For the past three years, the San Diego Convention Center’s insurers have urged officials to replace some of the building's fire sprinklers with bigger ones where packed crowds congregate.
“The greatest risk at this facility is a fire in one of the exhibit halls,” a 2014 risk report done by the insurer, Affiliated FM, stated. “Based on recent fire testing by FM Global, K11.2 or larger sprinklers are recommended to provide the best fire protection.”
But in a memo earlier this year, a convention center official said there were no plans for bigger sprinklers.
Lawyer Cory Briggs said the sprinklers are one of several fixes needed at the convention center but delayed because there’s no money.

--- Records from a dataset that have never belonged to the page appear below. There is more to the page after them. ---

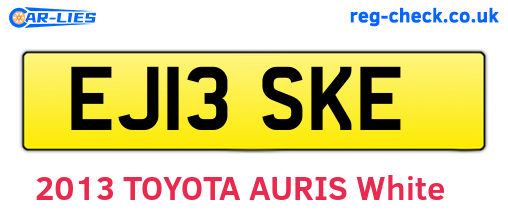 EJ13SKE are the vehicle registration plates.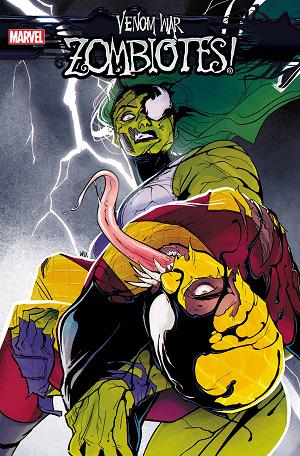 Venom War: Zombiotes #3 (OF 3) ANNIE WU cover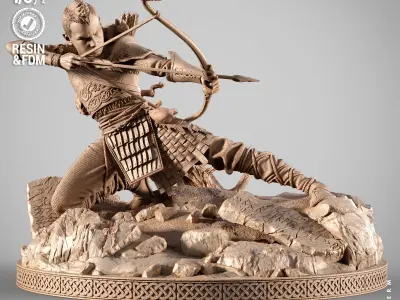 Wicked Video Games Atreus Sculpture 3D print model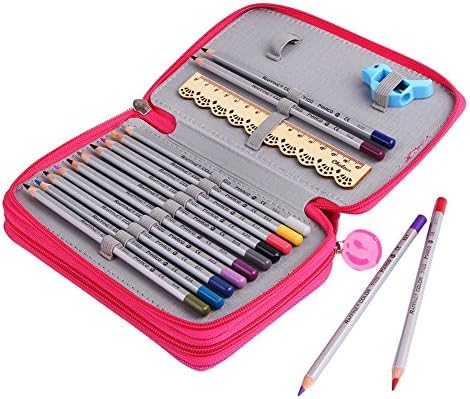 O, cum ar fi Oxford 32 Piese Culori Creion Carcasă pentru Pen pungă Stație Stație Artă Artă Schiță Pencil Piață Geantă de depozitare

“They say one year, OK, we’ll think about it,” Briggs said. “The next year, we’re going to get some quotes. The third year, we’re not going to do anything about it. That’s irresponsible.”
Briggs successfully sued the city claiming its financing scheme for the $520 million convention center expansion required a public vote. Briggs said the list of repairs is proof that operators aren’t ready to oversee an even larger facility.

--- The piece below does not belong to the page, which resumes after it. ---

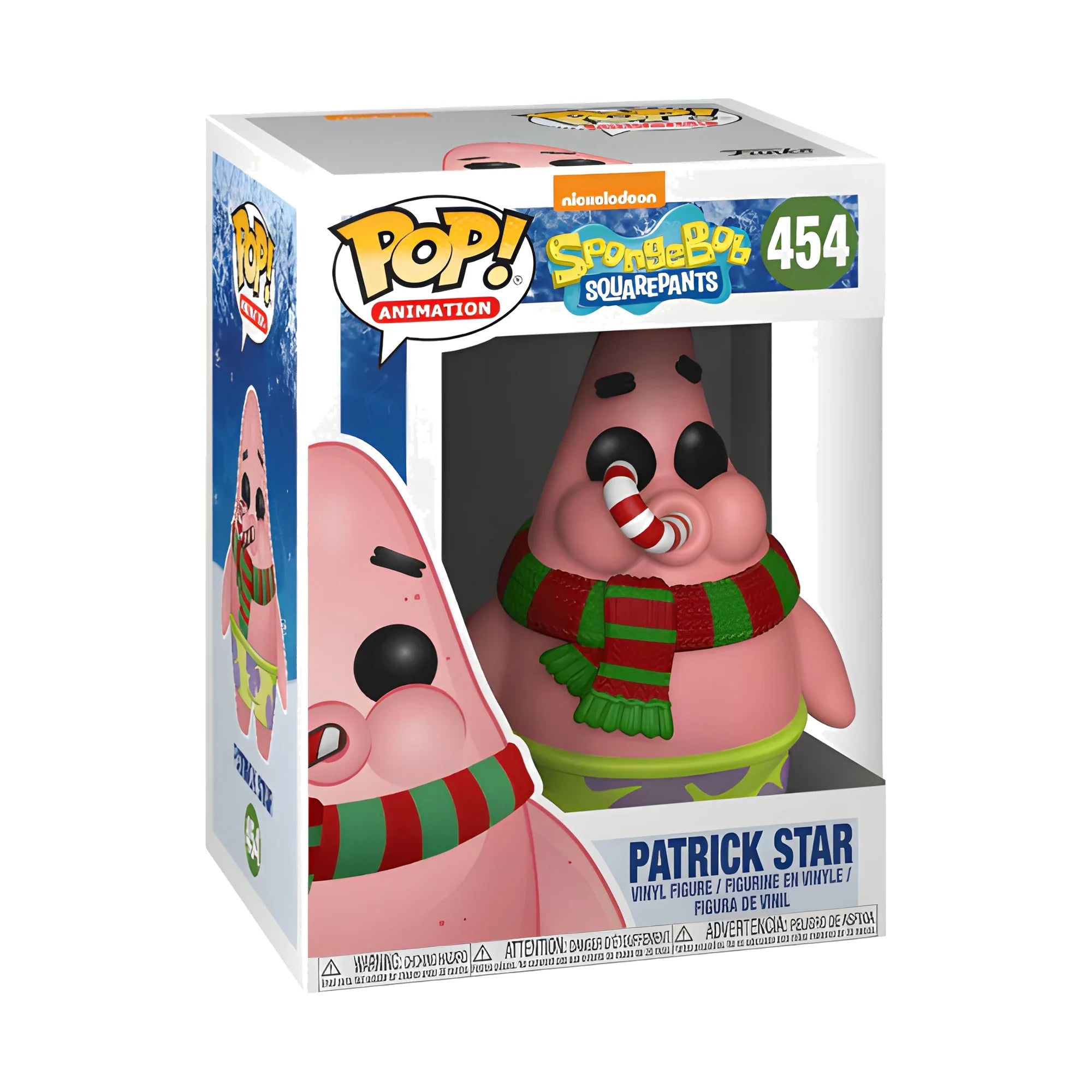 Funko Pop Nickelodeon Bob Esponja Patricio Candy Cane #454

Convention center officials downplay the problem.
“The suggestion that this facility is in disrepair is inaccurate,” said Steven Johnson, the convention center's vice president of public affairs.
He said the larger recommended fire sprinklers are due to be installed next year at a cost of $700,000.
But why did it take three years?
“It’s not the only thing that needs to happen in the building,” Johnson said. “You have to look at the whole picture and decide what is a priority to put first and foremost. We evaluated with the city’s fire department the immediacy of that and that was not an immediate issue.”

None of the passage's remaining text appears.